Ekonomi yönetimi, Türk lirasının istikrarını sağlamak ve milli ekonomiyi desteklemek amacıyla önemli düzenlemeleri hayata geçirdi. Hazine ve Maliye Bakanlığı ile Türkiye Cumhuriyet Merkez Bankası’nın eşgüdüm içinde attığı adımlar, Türkiye'nin finansal direncini artırmaya yönelik yeni bir dönemi başlatıyor.
Merkez Bankası tarafından Resmî Gazete’de yayımlanan düzenlemeyle, makroihtiyati çerçevede kapsamlı değişikliklere gidildi. TL’nin cazibesini artırmayı hedefleyen bu adımlar, hem mevduat hem de döviz piyasalarına yönelik stratejik düzenlemeleri içeriyor.
Zorunlu Karşılıklarda TL Lehine Revizyon
Alınan kararlara göre:
Yabancı para mevduatlar için tüm vadelerde zorunlu karşılık oranı 200 baz puan artırıldı. Bu adım, dövize olan talebi azaltırken, TL’ye geçişi teşvik ediyor.
Yurt içi yerleşiklerle yapılan 1 yıla kadar vadeli döviz cinsinden repo işlemlerinden sağlanan fonlara yönelik zorunlu karşılık oranı 400 baz puan artırıldı. Ayrıca hesaplama yöntemlerinde de güncellemeye gidildi.
Tüzel kişi TL mevduat payı %60’ın altında olan bankalara, bu payı artırmaya yönelik aylık %0,3’lük artış hedefi konuldu. Bu sayede bankacılık sistemi içerisinde Türk lirasının ağırlığı daha da artacak.
TL Mevduatlara Daha Yüksek Destek
TCMB ayrıca, TL mevduat için tesis edilen zorunlu karşılıklara yapılan faiz/telafi ödemesini artırdı. Önceki uygulamada %84 oranında ödeme yapılırken, yeni düzenlemeyle bu oran %86’ya çıkarıldı. Bu da bankaların TL mevduatlarına daha fazla yönelmesini sağlayacak.
İhracatçılara Kur Kalkanı ve TL Dönüşüm Desteği
Hazine ve Maliye Bakanlığının aldığı kararla, İhracat Genelgesi’nde değişikliğe gidildi. Buna göre:
İhracat bedellerinin TCMB’ye satışında asgari oran, 31 Temmuz 2025’e kadar %35 olarak uygulanacak.
Dövizden TL’ye dönüşüm uygulamasına destek amacıyla verilen dönüşüm primi oranı da aynı tarihe kadar %3’e yükseltildi.

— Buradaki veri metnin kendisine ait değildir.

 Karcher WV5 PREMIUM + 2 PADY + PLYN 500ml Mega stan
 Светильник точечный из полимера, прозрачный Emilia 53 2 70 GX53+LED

Bu düzenlemeler, Türkiye'nin döviz rezervlerini güçlendirirken, ihracat gelirlerinin milli ekonomiye katkısını artırmayı amaçlıyor.
Milli Para, Güçlü Ekonomi
Hükümetin kararlı para politikaları, Türk lirasının itibarını güçlendirmeyi ve finansal istikrarı sağlamayı hedefliyor.Dövize bağımlılığı azaltarak, yerli paranın reel ekonomideki kullanımını teşvik eden bu hamleler, Türkiye’nin ekonomik bağımsızlık mücadelesinde önemli bir dönüm noktası olarak değerlendiriliyor.